Copyright © 2017 Albuquerque Journal
TAOS SKI VALLEY – New Mexico may take in enough revenue – just barely – to avoid spending cuts next year.
But the budget would have to remain almost flat, and there’s little margin for error if the projections are off.
In fact, only about $25 million in “new money” – or revenue beyond this year’s spending – is expected to be available.
That’s enough for state spending to climb less than half a percentage point, perhaps not enough even to keep up with inflation.
And that leaves the governor and Legislature with little margin for error if projections are off, and nonpartisan economists warned repeatedly Wednesday about the volatility of the forecast.
The prognosis could get worse – depending on federal action on health care, oil and gas production and prices, and the performance of New Mexico’s economy overall.
“It’s razor-thin,” Sen. John Arthur Smith, D-Deming, said of the margin. “There’s a lot of downside risk out there.”
Economists working for the state released the numbers Wednesday as about a dozen lawmakers gathered for a three-day meeting of the powerful Legislative Finance Committee. They met at The Blake hotel in Taos Ski Valley, a mountain resort in northern New Mexico.
Much of Wednesday’s discussion focused on uncertainty in the forecast – including “abnormalities” that legislative economists seen in the state’s tax collection data.
Jon Clark, an economist for the Legislature, said he and his colleagues have seen unusual activity in some categories of state revenue – a risk that could worsen the forecast if it turns out the state has received more money from taxpayers than it should have. New Mexico is also experiencing increased volatility in its revenue from gross receipts taxes, he said.
“We’re concerned now that there’s this huge variability,” Clark told lawmakers.
John Monforte, acting secretary of taxation and revenue under Gov. Susana Martinez, said he and his staff believe they have an explanation for the unusual revenue in a few line items – perhaps the result of a taxpayer or taxpayers turning revenue over to the state but not actually filing a tax return, or something similar. He said he couldn’t say much more because of the confidentiality rules surrounding taxpayers.
But he suggested the problem may not change the overall revenue figure much: Instead, the money might just have been reported in the wrong account.
Sen. George Muñoz, D-Gallup, said lawmakers have been waiting months for an explanation.
“You can’t have a $130 million guess in the budget,” he said. “… Don’t taxpayers deserve an answer?”
Monforte said that he wasn’t alerted to the question until July and that the department is working on it. He said his staff would work with legislative economists to explain the discrepancy as well as they can without breaching confidentiality rules.
“It’s a genuine issue,” he said, “but I do think we have the resolution to that.”
Rep. Patricia Lundstrom, a Gallup Democrat and chairwoman of the LFC, asked Montforte to report back in October.

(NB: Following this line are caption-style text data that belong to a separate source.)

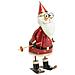 Statuina Babbo Natale Figura in Metallo Decorazione Addobbo Natalizio 42 cm - Foto miniatura 2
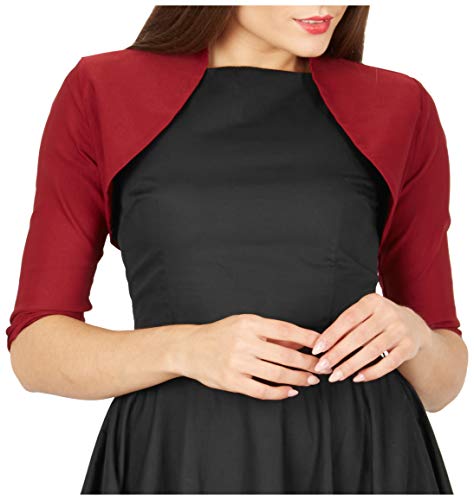 Boléro Femme Stretch Col Montant, BlackButterfly Boléro Femme Stretch Col Montant, BlackButterfly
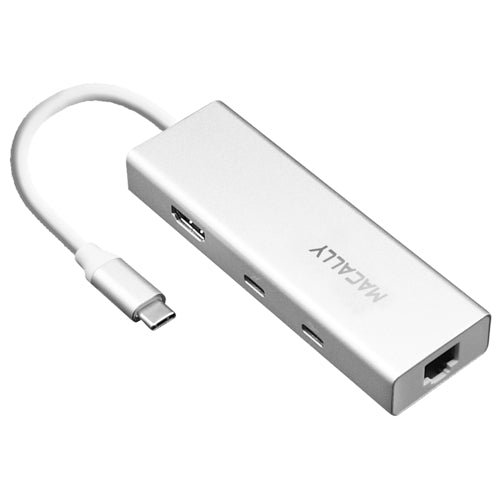 Macally - Aluminium 6-in-1 USB-C multiport hub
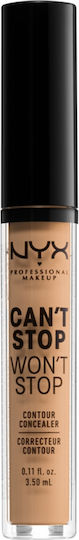 NYX Professional Makeup Can't Stop Won't Stop Contour Liquid Concealer 7.5 Soft Beige 3.5ml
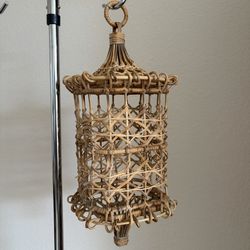 Boho Wicker Rattan Hanging Lantern Decor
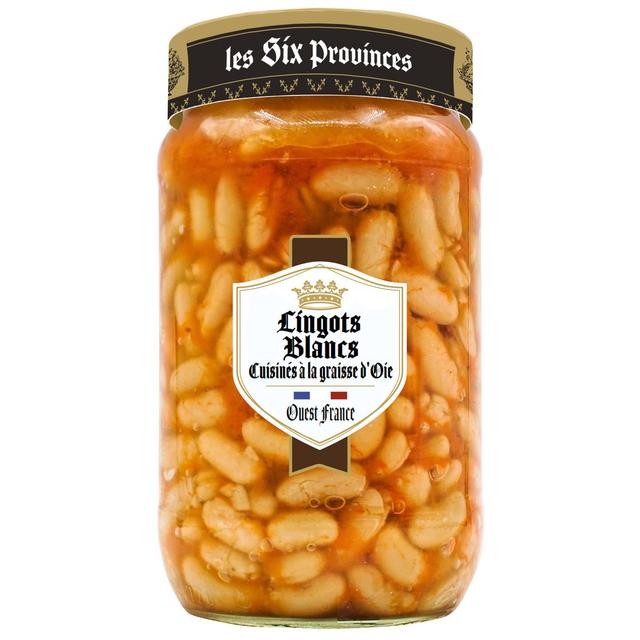 3760049550153 - Les Six Provinces - Haricots Lingots Blancs Cuisinés à la Graisse d'Oie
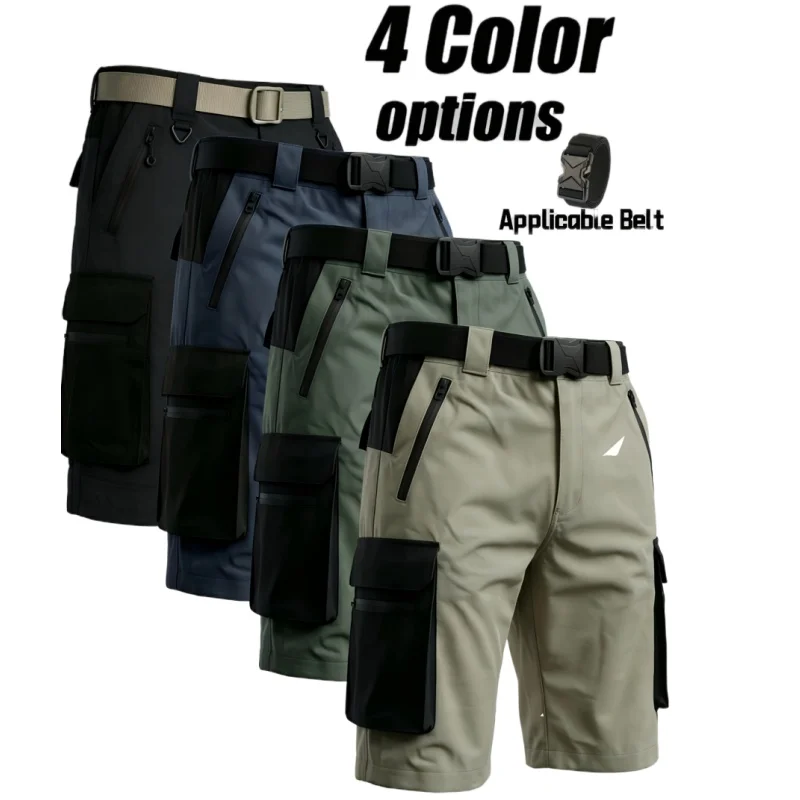 

Lightweight Men's Tactical Work Pants Quick Drying Breathable and Durable Casual Pants with Multiple Pocket Suitable for Hiking
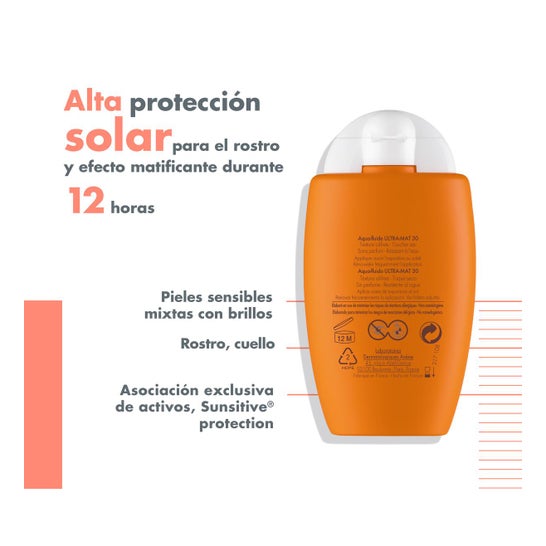 Avène Aquafluid Ultra Mat SPF30+ 50 ml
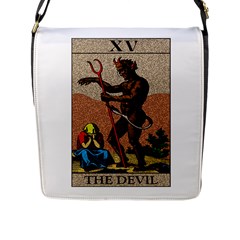 The Devil - Tarot Flap Messenger Bag (l)  by Valentinaart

In any case, next year’s revenue estimate is good news in one sense: The roughly $6.1 billion projected in revenue is slightly higher than what the state expects to spend this year.
About $25 million in “new money” would be available next year if the forecast holds true, or enough to increase state spending by 0.4 percent.
That follows a tense budget crisis over the past year – in which the state exhausted its reserves, endured damage to its credit rating and imposed spending cuts.
Wednesday’s revenue forecast was issued jointly by economists working for the Legislature and the Martinez administration, though each branch offered its own analysis of what the numbers mean.
The forecast signals the start of a new budget season. The governor and Legislative Finance Committee will each propose budget plans in January, with updated revenue projections, shortly before lawmakers begin a 30-day session dedicated largely to state finances.
The budget itself would cover spending in the year that begins in July 2018.